Além do pedido principal, a representação requer uma medida liminar que impeça o candidato de realizar atos de campanha, acessar o fundo partidário, participar da propaganda eleitoral gratuita e integrar debates. O postulante será notificado e terá um prazo de sete dias para apresentar sua defesa formal perante a Corte.
Fundamentos jurídicos para a inelegibilidade
O argumento central do MPE baseia-se na tese de que Pablo Marçal encontra-se inelegível até outubro de 2032. O parecer sustenta-se em uma decisão proferida pelo Tribunal Regional Eleitoral de São Paulo (TRE-SP), que manteve a condenação do empresário por uso indevido dos meios de comunicação social durante as eleições municipais de 2024.
Naquela ocasião, a Justiça Eleitoral identificou irregularidades na promoção de gincanas com premiações, estratégia utilizada para impulsionar o compartilhamento em massa de conteúdos eleitorais nas redes sociais.
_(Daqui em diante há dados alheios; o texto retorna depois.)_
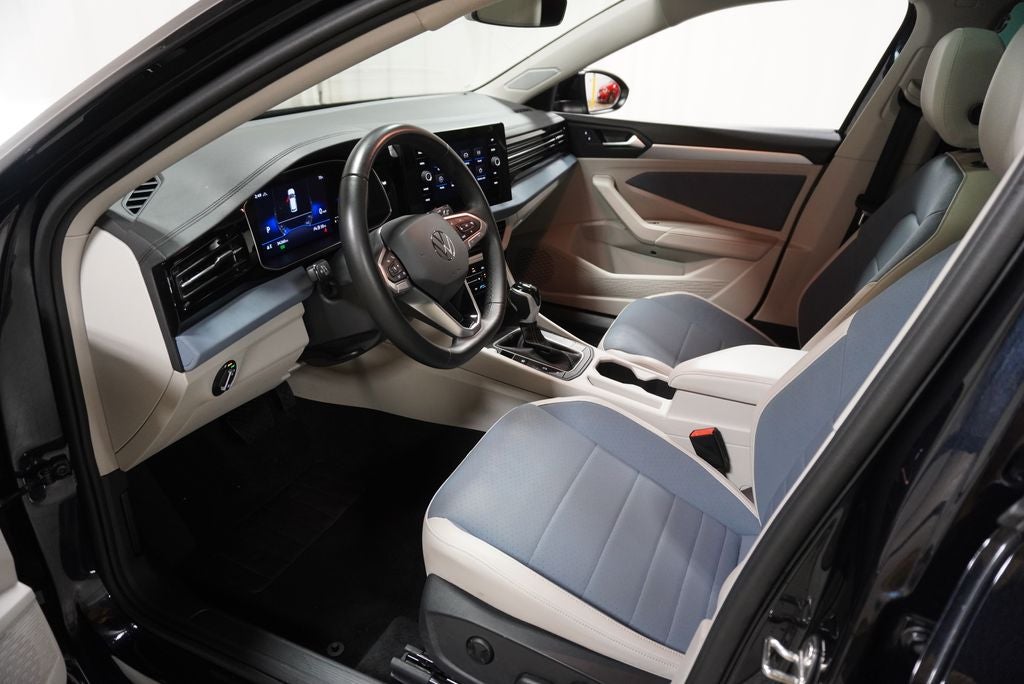 2025 Volkswagen Jetta 1.5T SE
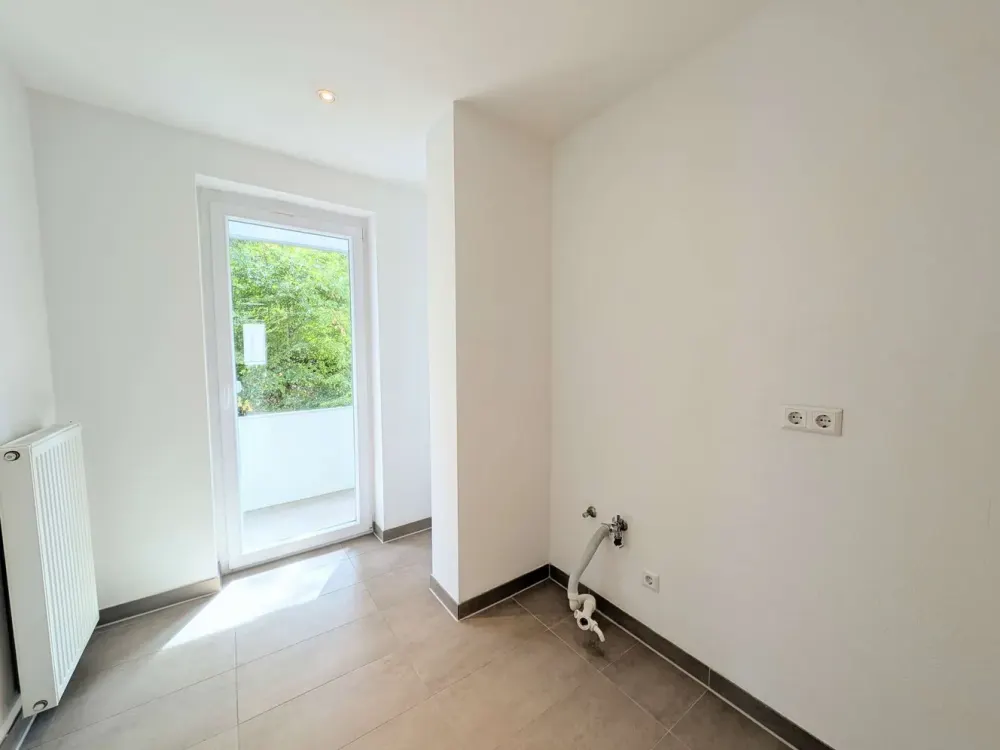 Charmante 2-Zimmer-Wohnung mit Balkon und Tageslichtbad in Stuttgart Ost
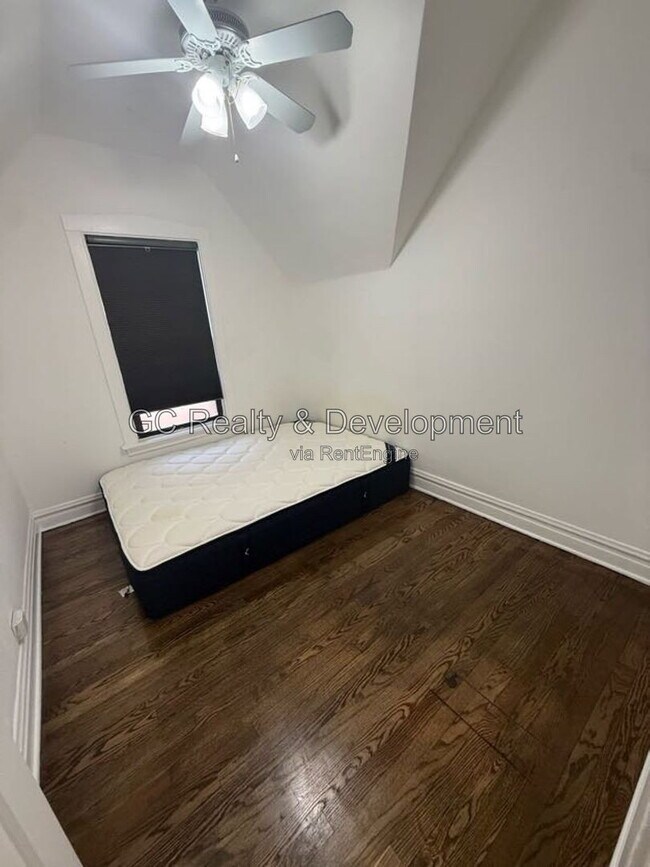 Foto del edificio - 5709 W Dakin St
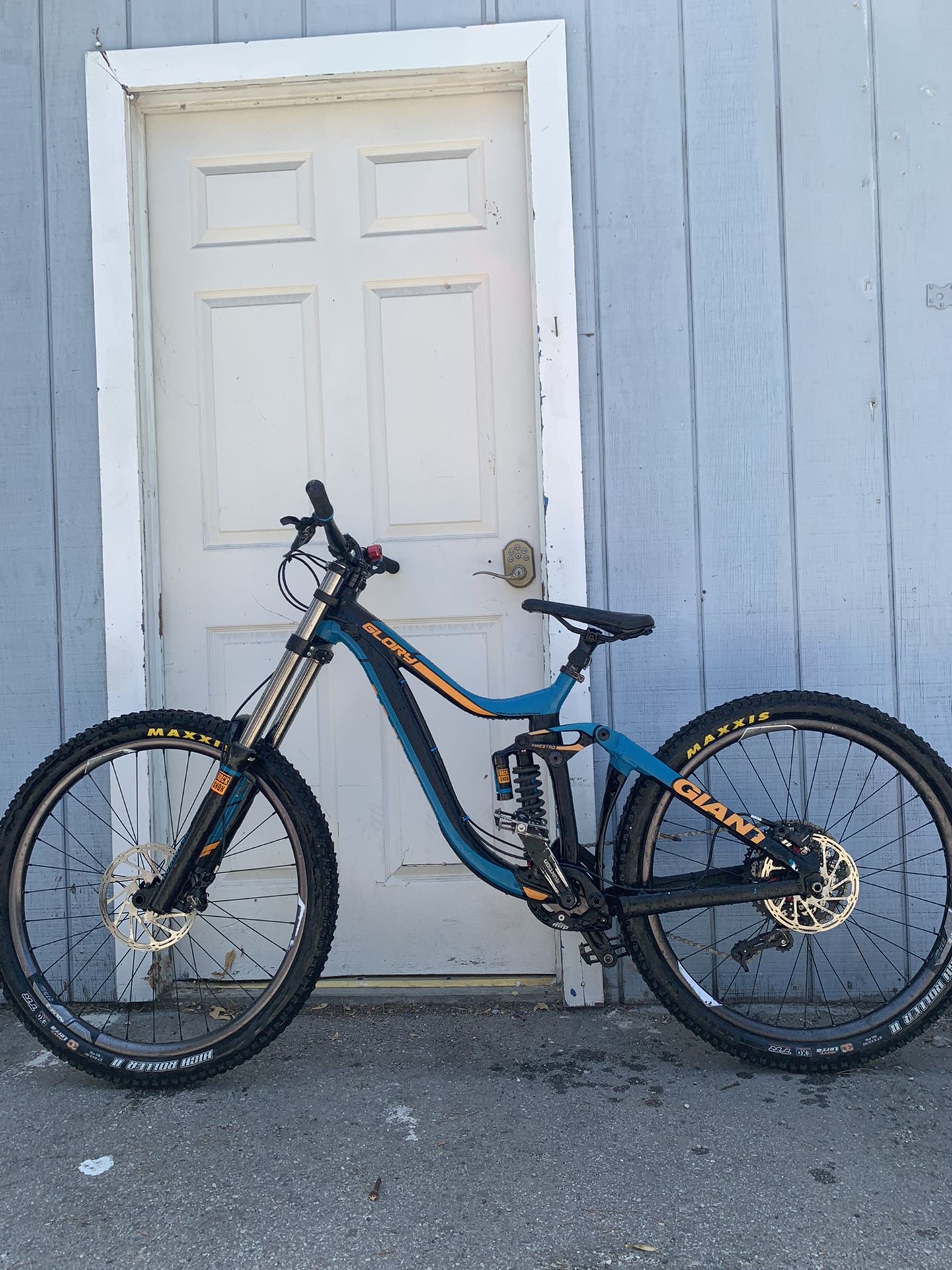 DH Giant Glory MTB for Sale in Los Angeles CA OfferUp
A sentença estabeleceu o período de oito anos de inelegibilidade, contado a partir do pleito de 2024, além da imposição de uma multa no valor de R$ 420 mil.
Questionamentos sobre a filiação partidária
Além da questão da inelegibilidade, o MPE aponta inconsistências na filiação de Pablo Marçal ao PRTB. Segundo o órgão, os registros oficiais da Justiça Eleitoral indicam que o empresário mantinha vinculação com o União Brasil até março de 2026, período em que chegou a participar de inserções partidárias da legenda na televisão.
Para a Procuradoria, a documentação apresentada pela defesa para comprovar a migração ao PRTB antes do prazo legal de 4 de abril não possui validade jurídica para sobrepor os dados contidos nos sistemas oficiais do TSE. O caso segue em análise e pode ser acompanhado através de informações oficiais no portal do Tribunal Superior Eleitoral.